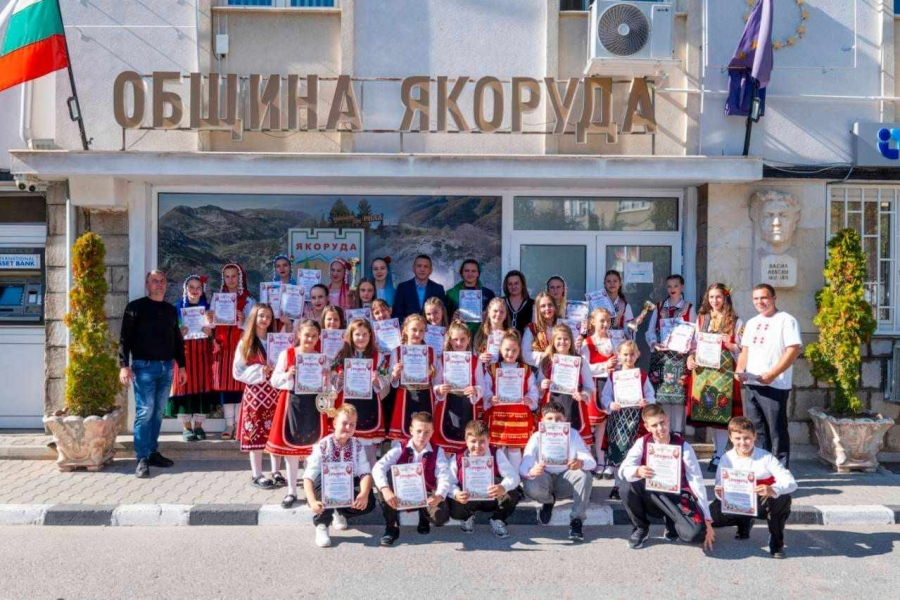 „Якорудски медени гласчета“ покориха сцената в Баня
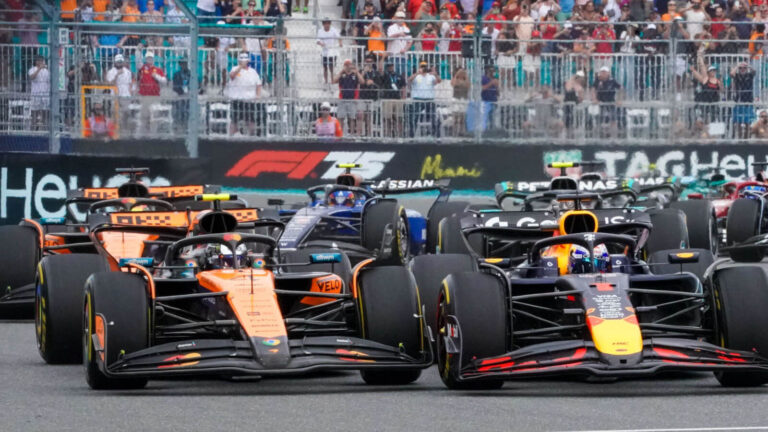 Noriss: “Cīņas ar Verstapenu visbiežāk beidzas ar avāriju vai neko”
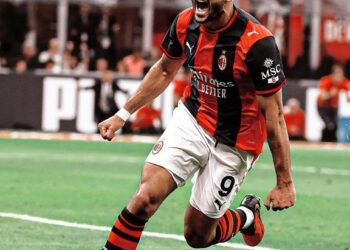 Milan arranca la Serie A como líder tras vencer al Venezia
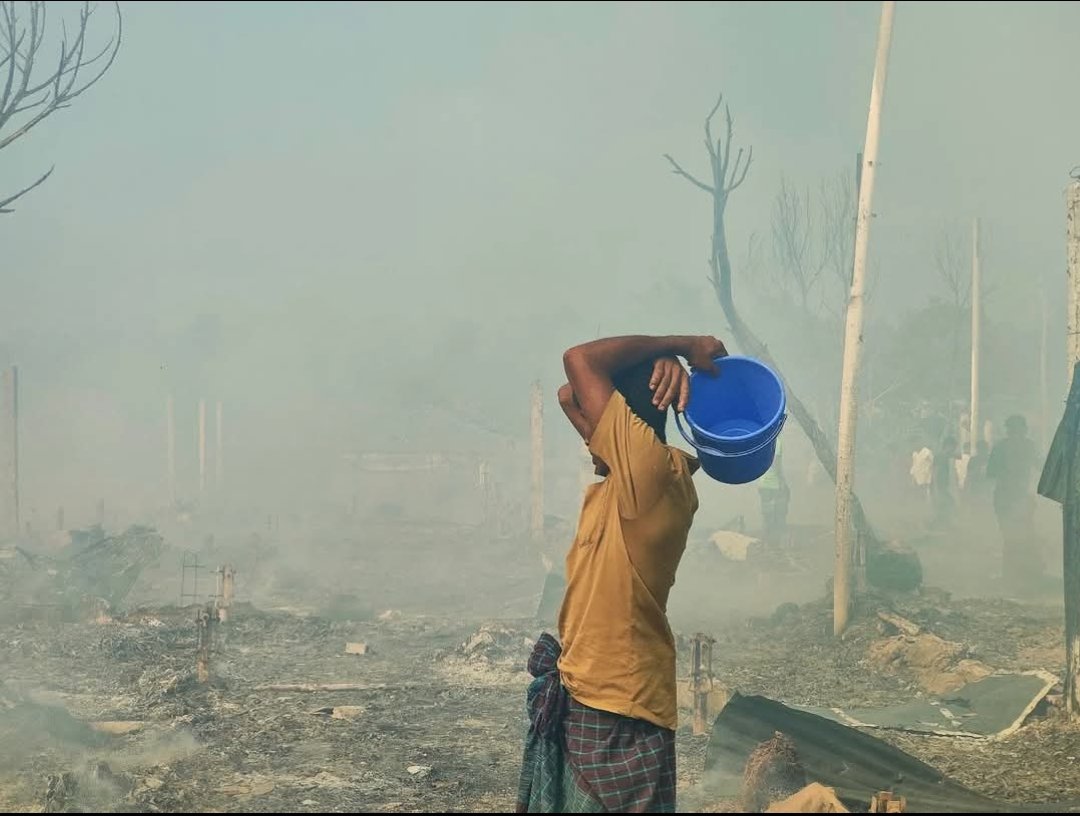 HamidurRo24708's tweet photo. A sound.... Ohh Allah all is losed today 😭
Ahh..O Allah Refugee Life is very remorse Life for us said the Rohingya people
#SaveRohingya
#HelpRohingya
#NeededAssistence
#Rohingyas
#Requests
#repatriateUs
#Immediately
#HopeIsHome
#UN
#ICC
#ICJ
#OIC_IOC
#No_More_Refugee_Life. https://t.co/MBwJZ6X47s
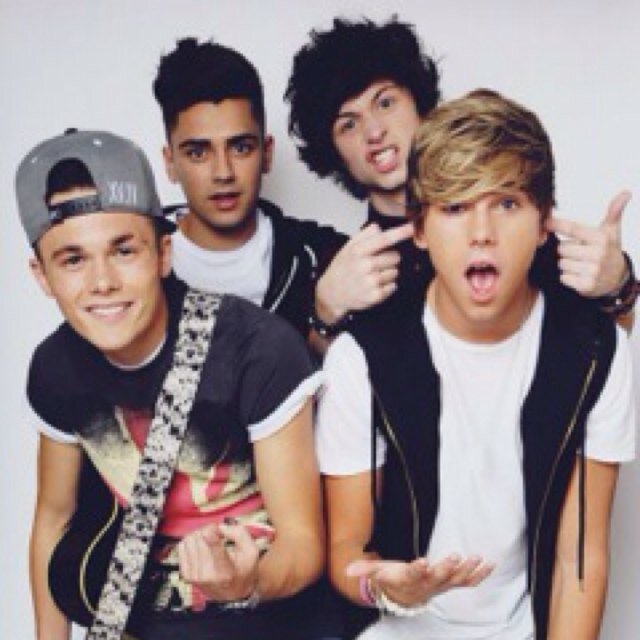 Love Overload!! Brazilian account since: 28/07 ( @overloadgb followed 28/07)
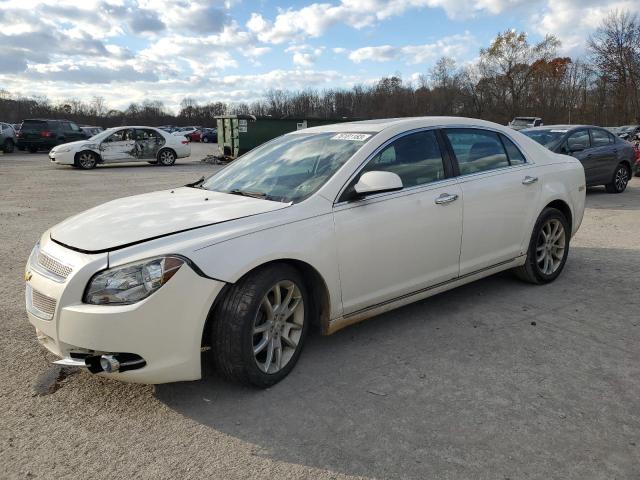 1G1ZE5E77BF123122 - 2011 CHEVROLET MALIBU LTZ თეთრი ფოტო 1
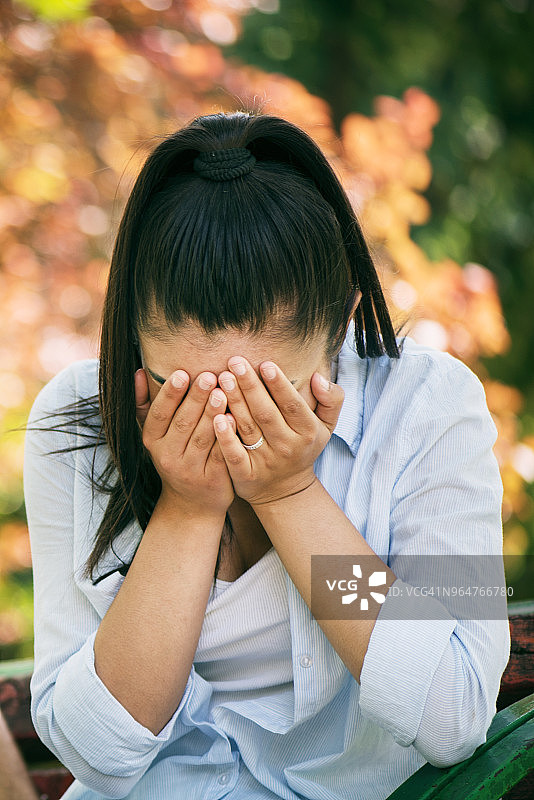 年轻女人在哭泣图片素材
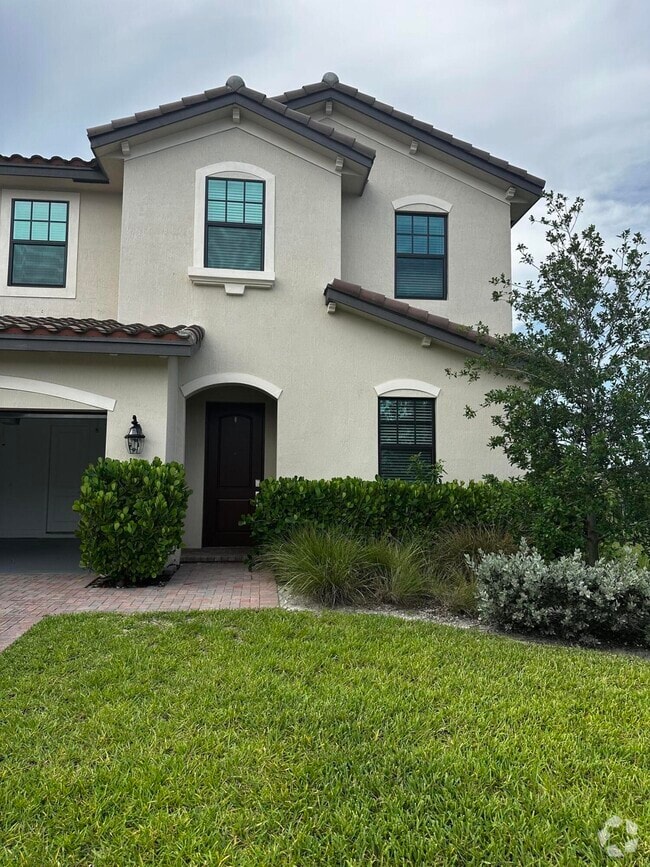 Building Photo - 1307 Whitcombe Dr Rental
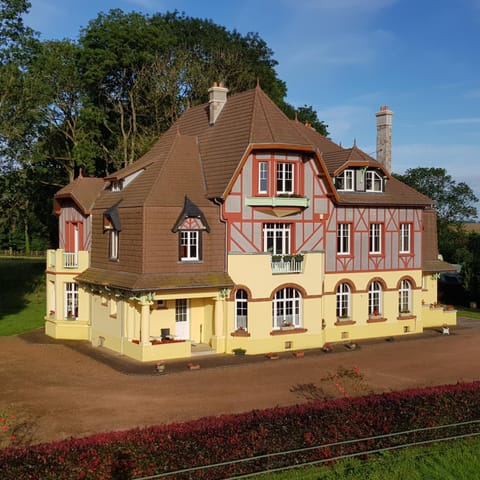 Property building, Landmark view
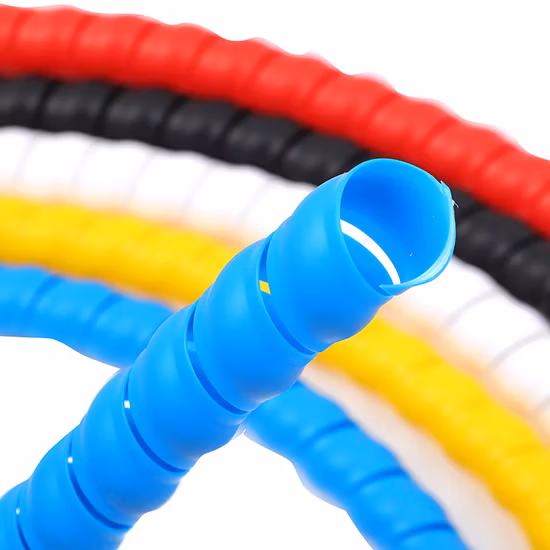 Enveloppe de tuyau hydraulique flexible en spirale PP/PE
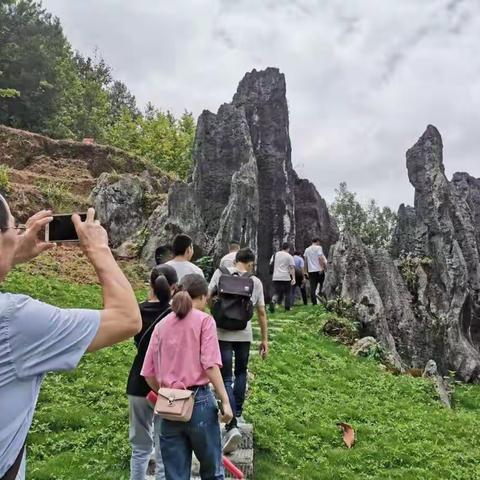 思南县支行“浓情六月，相约中行”户外徒步活动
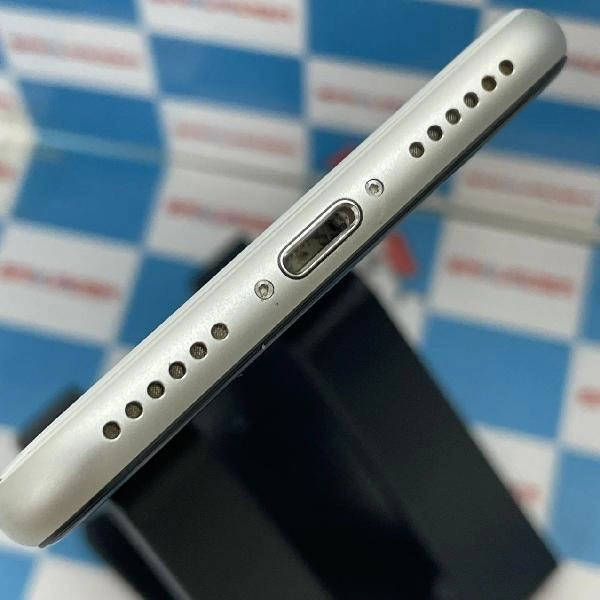 iPhoneSE 第2世代 SoftBank版SIMフリー 64GB MHGQ3J/A A2296 ジャンク品 ホワイト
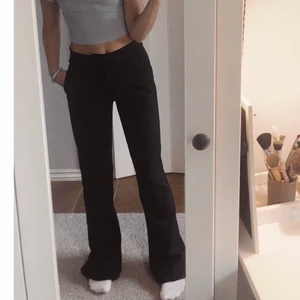 Midwaist zara kostymbyxor  - Säljer mina superfina kostymbyxor från zara, de är medelhöga i midjan och slits nertill💘 skriv för fler bilder!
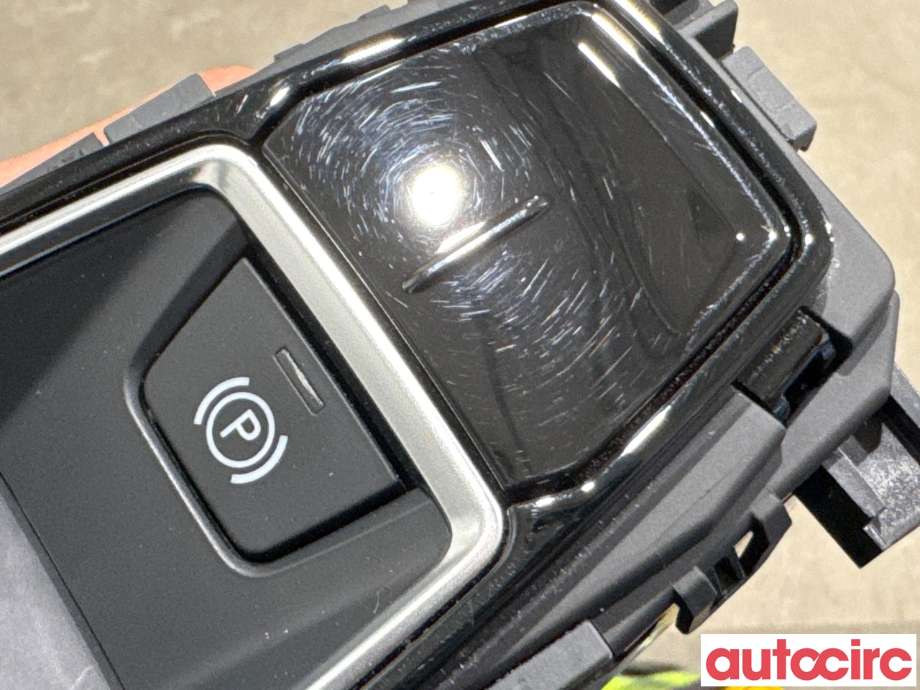 Bryter diverse til Audi Q4 e-tron 2021-->>  (AUDI|89A713059C|10530270-03)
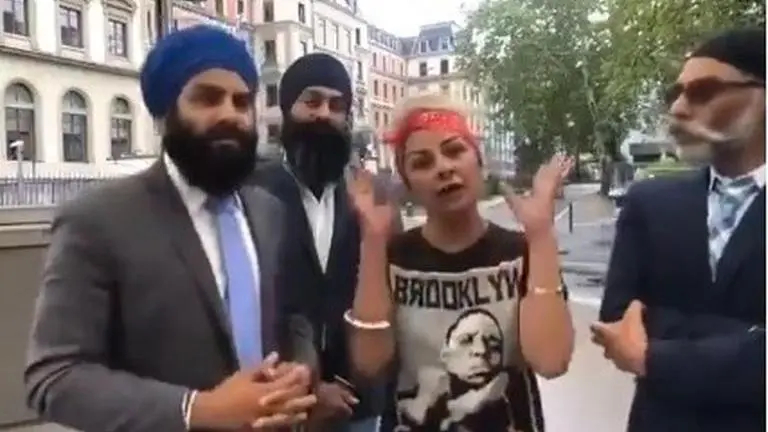Rapper Hard Kaur abuses India, says will release 'Referendum 2020' song for pro-Khalistan movement by banned Sikhs-for-Justice group Rapper Hard Kaur abuses India, says will release 'Referendum 2020' song for pro-Khalistan movement by banned Sikhs-for-Justice group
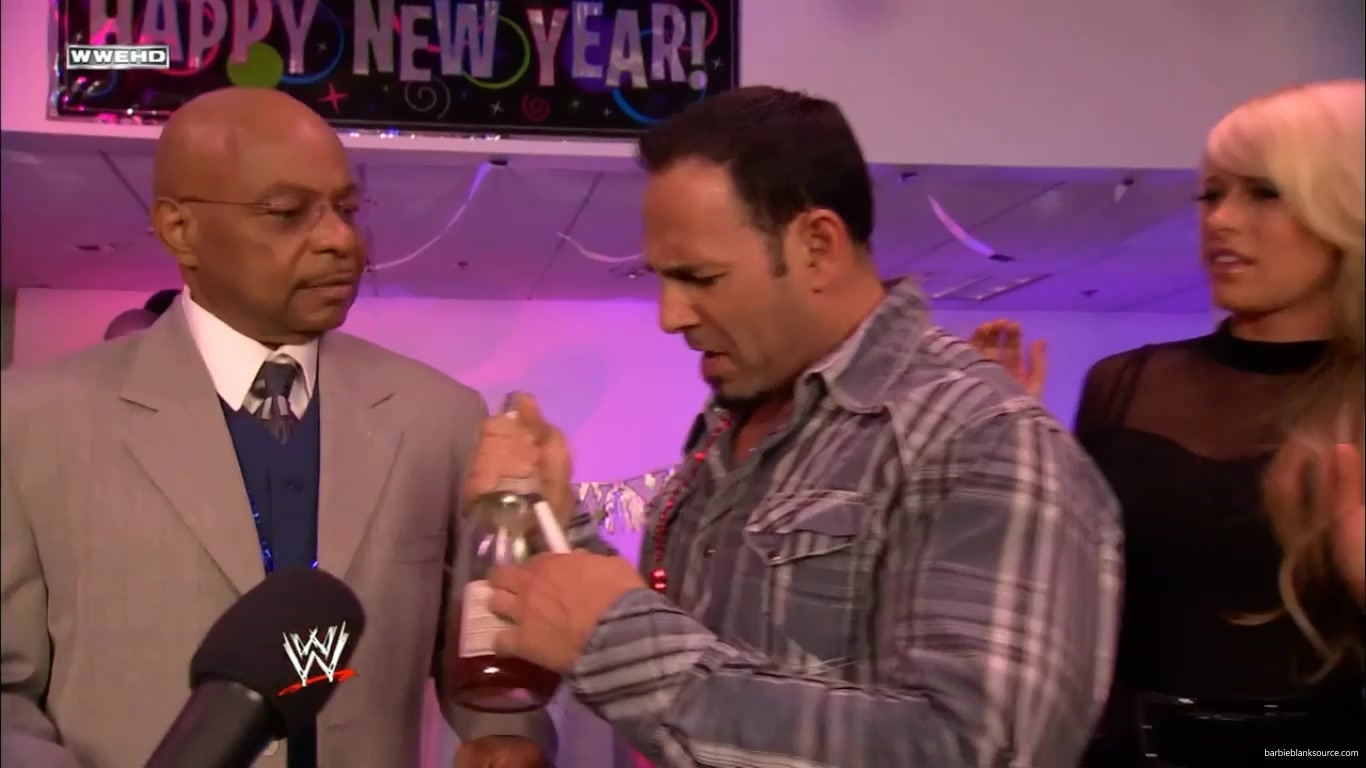 SMACKDOWN_593_DECEMBER_302C_2010_0320.jpg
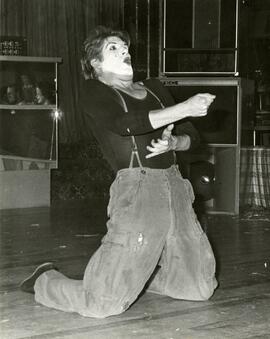 Mime actor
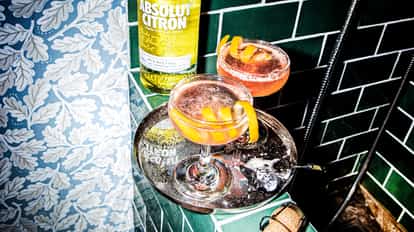 cosmo champagne cocktail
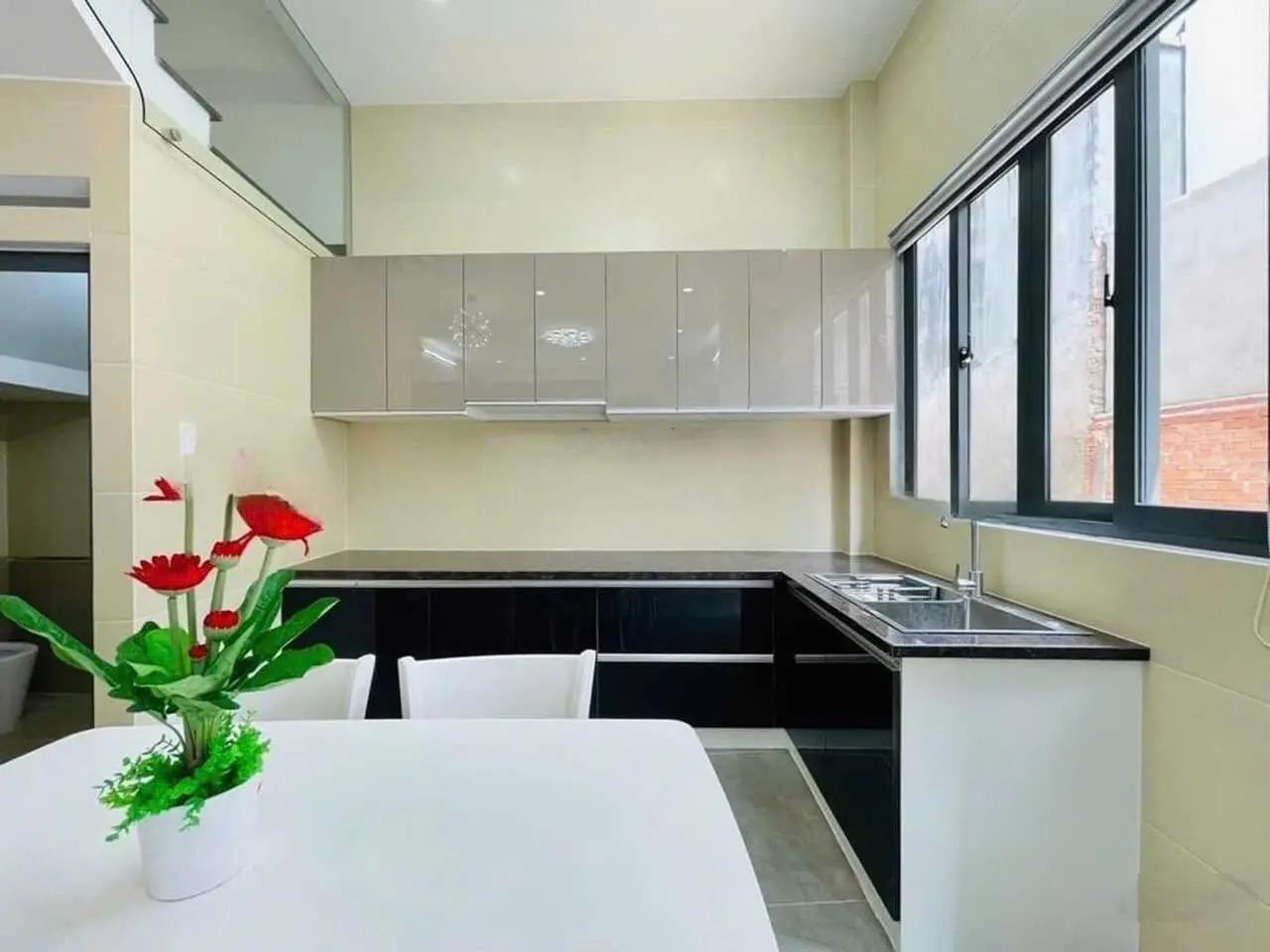 Cần bán nhà riêng 42m2, Lê Đức Thọ, P. 16, giá 6,2 tỷ thương lượng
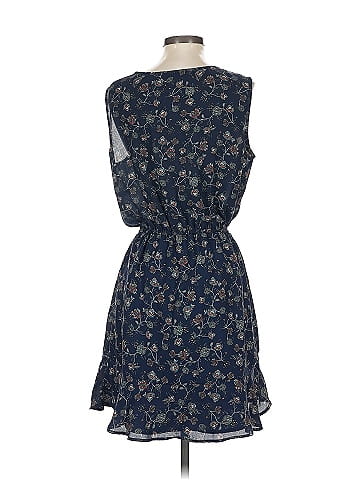 Cupcakes & Cashmere Casual Dress (view 2)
=-=-=
Work instruction
Except for the pictures, the whole listing above should be transcribed exactly.

Exercise answer
 „Якорудски медени гласчета“ покориха сцената в Баня
 Noriss: “Cīņas ar Verstapenu visbiežāk beidzas ar avāriju vai neko”
 Milan arranca la Serie A como líder tras vencer al Venezia
 HamidurRo24708's tweet photo. A sound.... Ohh Allah all is losed today 😭
Ahh..O Allah Refugee Life is very remorse Life for us said the Rohingya people
#SaveRohingya
#HelpRohingya
#NeededAssistence
#Rohingyas
#Requests
#repatriateUs
#Immediately
#HopeIsHome
#UN
#ICC
#ICJ
#OIC_IOC
#No_More_Refugee_Life. https://t.co/MBwJZ6X47s
 Love Overload!! Brazilian account since: 28/07 ( @overloadgb followed 28/07)
 1G1ZE5E77BF123122 - 2011 CHEVROLET MALIBU LTZ თეთრი ფოტო 1
 年轻女人在哭泣图片素材
 Building Photo - 1307 Whitcombe Dr Rental
 Property building, Landmark view
 Enveloppe de tuyau hydraulique flexible en spirale PP/PE
 思南县支行“浓情六月，相约中行”户外徒步活动
 iPhoneSE 第2世代 SoftBank版SIMフリー 64GB MHGQ3J/A A2296 ジャンク品 ホワイト
 Midwaist zara kostymbyxor  - Säljer mina superfina kostymbyxor från zara, de är medelhöga i midjan och slits nertill💘 skriv för fler bilder!
 Bryter diverse til Audi Q4 e-tron 2021-->>  (AUDI|89A713059C|10530270-03)
Rapper Hard Kaur abuses India, says will release 'Referendum 2020' song for pro-Khalistan movement by banned Sikhs-for-Justice group Rapper Hard Kaur abuses India, says will release 'Referendum 2020' song for pro-Khalistan movement by banned Sikhs-for-Justice group
 SMACKDOWN_593_DECEMBER_302C_2010_0320.jpg
 Mime actor
 cosmo champagne cocktail
 Cần bán nhà riêng 42m2, Lê Đức Thọ, P. 16, giá 6,2 tỷ thương lượng
 Cupcakes & Cashmere Casual Dress (view 2)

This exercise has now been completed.